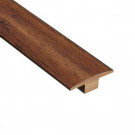 Home Legend Strand Woven Spice 9/16 in. Thick x 1-7/8 in. Wide x 78 in. Length Bamboo T-Molding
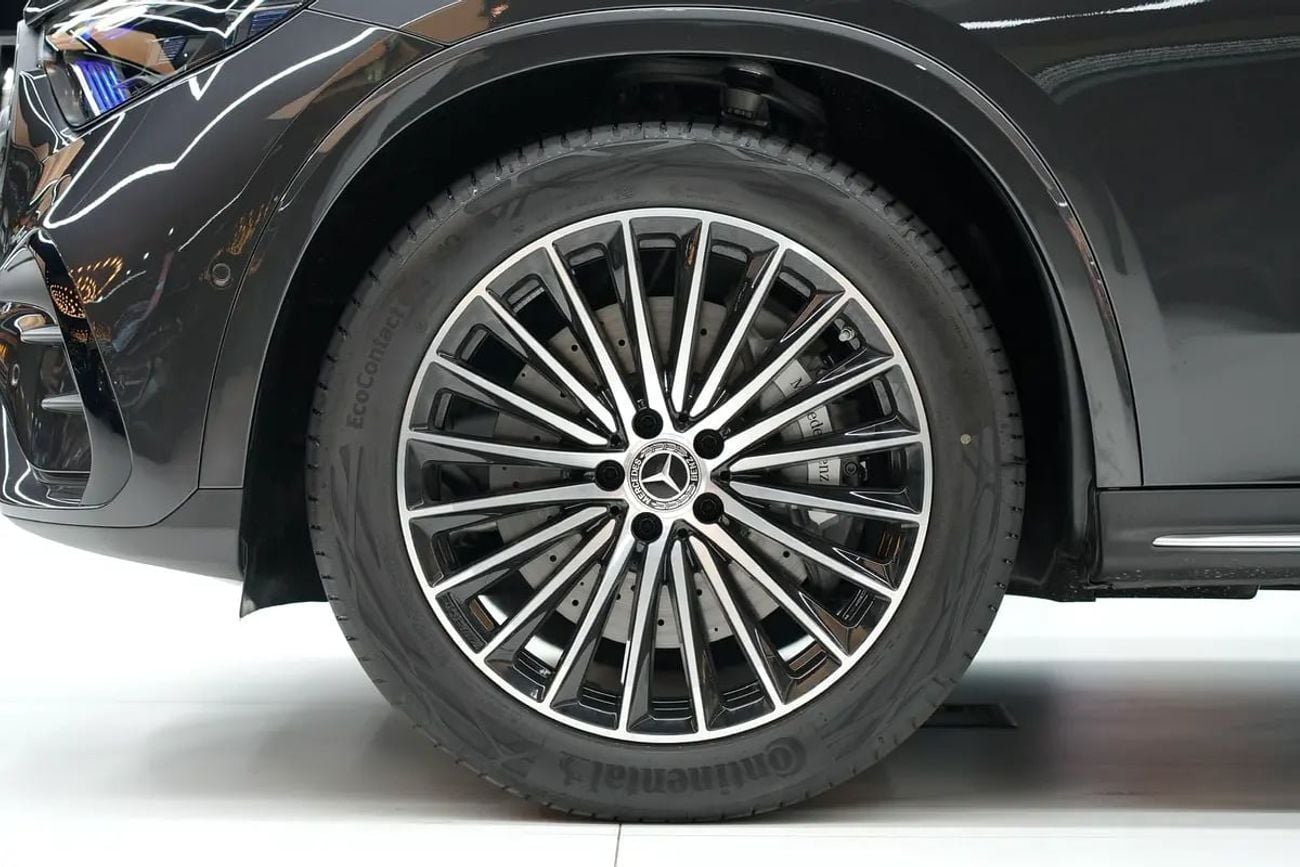مرسيدس بنز GLC 200 4MATIC HIGH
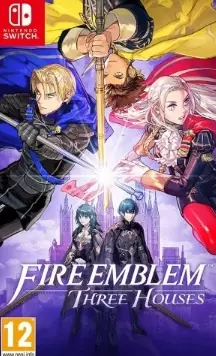 Fire Emblem: Three Houses V1.0.1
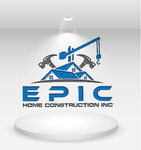 Epic Home Construction Inc Logo - Entry #822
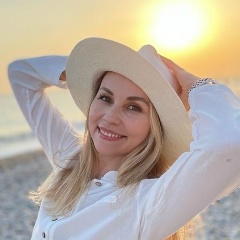 Альбина Истомина, 14.02, Москва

== == ==

• [EXERCISE INSTRUCTIONS] Please transcribe the lines from the one containing "مرسيدس بنز GLC 200 4MATIC HIGH" to the last line of the listing, both included, exactly and with nothing added, leaving every picture out.

• [SOLUTION FOR THIS TASK]
مرسيدس بنز GLC 200 4MATIC HIGH
 Fire Emblem: Three Houses V1.0.1
 Epic Home Construction Inc Logo - Entry #822
 Альбина Истомина, 14.02, Москва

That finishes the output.